_Aim of the task_:
Output only the lines below that start at the line containing "Aydın Büyükşehir, binlerce" and end at the line containing "Apartamento T3 para", with both ends kept.

_Dataset records_:
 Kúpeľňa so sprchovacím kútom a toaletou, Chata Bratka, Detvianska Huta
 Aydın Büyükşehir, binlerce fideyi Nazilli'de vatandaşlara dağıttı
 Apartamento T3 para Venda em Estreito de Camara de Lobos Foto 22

==

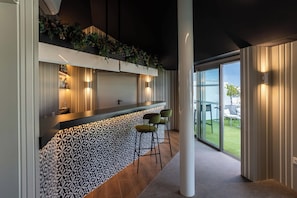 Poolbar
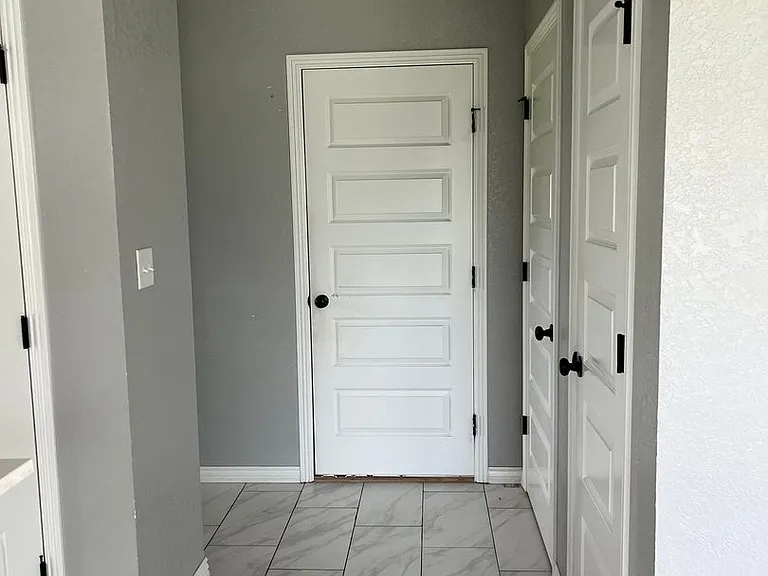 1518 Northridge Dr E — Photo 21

_Written answer_:
 Aydın Büyükşehir, binlerce fideyi Nazilli'de vatandaşlara dağıttı
 Apartamento T3 para Venda em Estreito de Camara de Lobos Foto 22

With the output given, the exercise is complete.